8. O principal problema teórico a ser enfrentado pela sociologia é o de sua relação com o utilitarismo, matriz da ciência econômica e do economicismo.
9. A sociologia se desenvolveu historicamente como uma tentativa de superar o utilitarismo e a ciência econômica. Essa superação nem sempre foi verdadeiramente efetuada.
10. A superação do utilitarismo e do economicismo passa pela superação de Marx (cf. tese 4), o que passa, em primeiro lugar, por Mauss e Weber. O primeiro possibilita pensar a dádiva e o político (identificados um com o outro), o segundo, a historicidade destes.
11. As ciências sociais se organizam a partir e em torno de quatro imperativos: descrever, explicar, interpretar, avaliar.
12. Contrariamente ao que nos quer fazer crer a vulgata metodológica ou epistemológica dominante que se vangloria da "neutralidade axiológica", em ciências sociais é o momento normativo (avaliativo) que desempenha o papel cognitivo dominante, dado que estruturante.
13. Simetricamente à démarche ideal-típica de Weber, construída principalmente a partir da racionalidade instrumental (a Zweckrationalität), é preciso desenvolver na sociologia uma démarche idealista-típica, construída a partir da racionalidade axiológica (Wertrationalität), que se pergunte por que, como e em que medida grupos, sujeitos ou atores sociais não aplicam, e não se conformam a, seus próprios valores.
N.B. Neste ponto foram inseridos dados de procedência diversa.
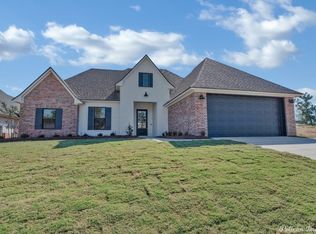 5791 Northwood Oaks Dr, Shreveport, LA 71107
14. Dado que a sociologia não pode existir plenamente senão como superação (Aufhebung) da matriz utilitarista das ciências sociais e do economicismo, sua especificidade é ser necessariamente anti-utilitarista. Não a-utilitarista, o que implicaria a negação das considerações de utilidade e de interesse material e individual, mas anti-utilitarista, o que significa que a dimensão de utilidade e de interesse material e individual, bastante real, deve ser ultrapassada. Praticamente, cognitivamente e normativamente.
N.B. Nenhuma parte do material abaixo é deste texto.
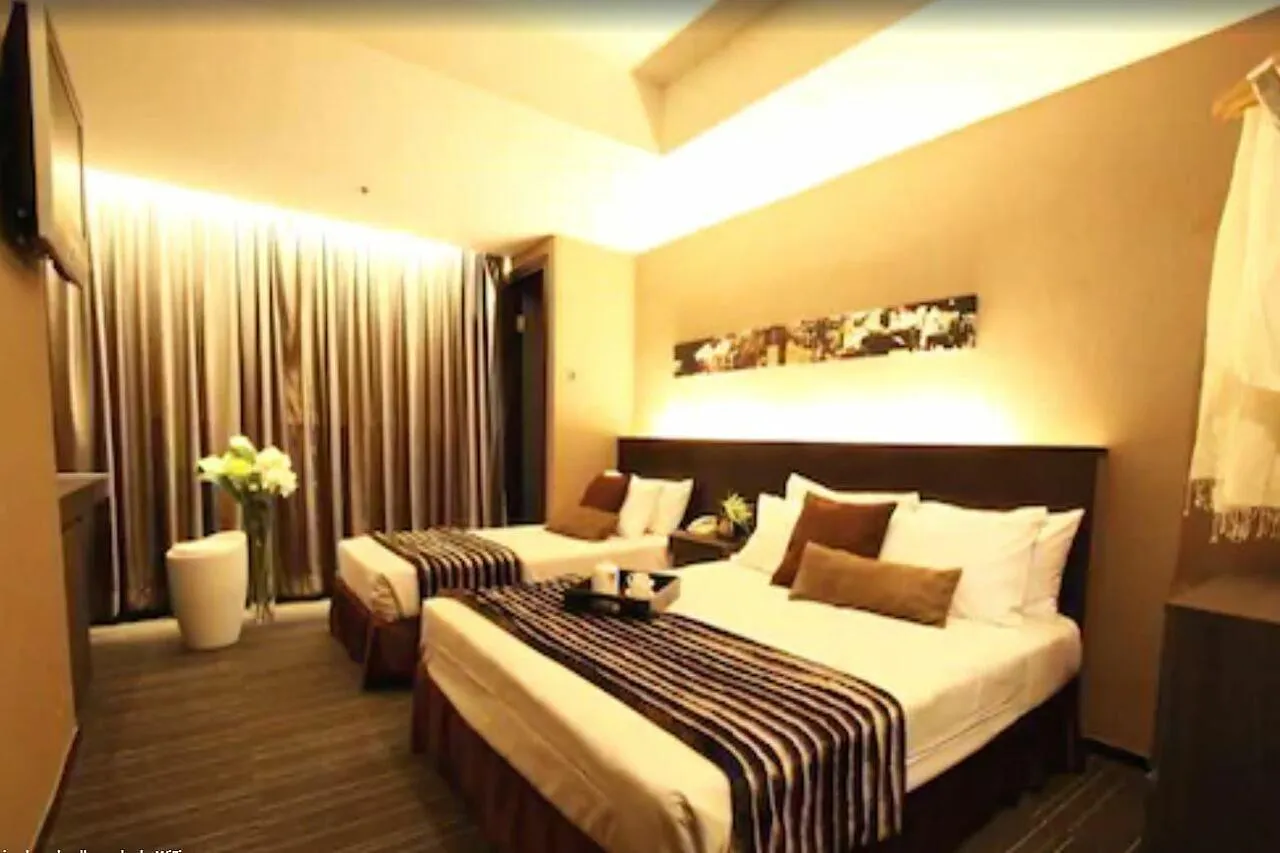 Kings De Nathan Hongkong 3*,  China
15. O núcleo da abordagem anti-utilitarista é o paradigma da dádiva (derivado do Ensaio sobre a Dádiva, de Marcel Mauss), que se pode também qualificar de paradigma da dádiva do político, do simbólico ou do reconhecimento.
16. Sua tese central é que a relação social não se constrói sobre a vantagem mútua e sobre o contrato, mas a partir de uma aposta de confiança, a aposta da dádiva, fundada sobre uma lógica de incondicionalidade condicional.
17. Corolário: os atores sociais visam menos possuir (riqueza, poder ou prestígio) que serem reconhecidos. E serem reconhecidos como doadores, tendo efetuado, ou sendo suscetíveis de efetuar, dádivas de valor, ou/e participando da doação (Ergebnis) da graça, do carisma. Riqueza, poder ou prestígio só valem na medida em que simbolizam esse reconhecimento.
18. A sociologia só pesou historicamente enquanto permitiu pensar a limitação ou a civilização do capitalismo e enquanto inspirou o político e a política. Hoje, o desafio é imaginar um para além do liberalismo, do socialismo, do comunismo e do anarquismo que considere que não mais podemos contar com um forte crescimento infinito para a superação dos conflitos sociais e de sua escala, agora planetária. Chamemos de convivialismo esse para além que se procura.
19. Em contraposição aos que veem a resolução do conflito social no Mercado (principalmente liberais) e aos que a procuram no Estado (principalmente socialistas), o convivialismo concentra-se principalmente na sociedade civil e em sua capacidade tanto de globalização quanto de localização.
20. É preciso abandonar o capitalismo? Tudo é aqui uma questão de definição. Se se entende por capitalismo os excessos, a hubris do Mercado, então a resposta é sim. Mas não abandonaremos o capitalismo se não nos livrarmos também (Aufhebung, também aqui) do marxismo.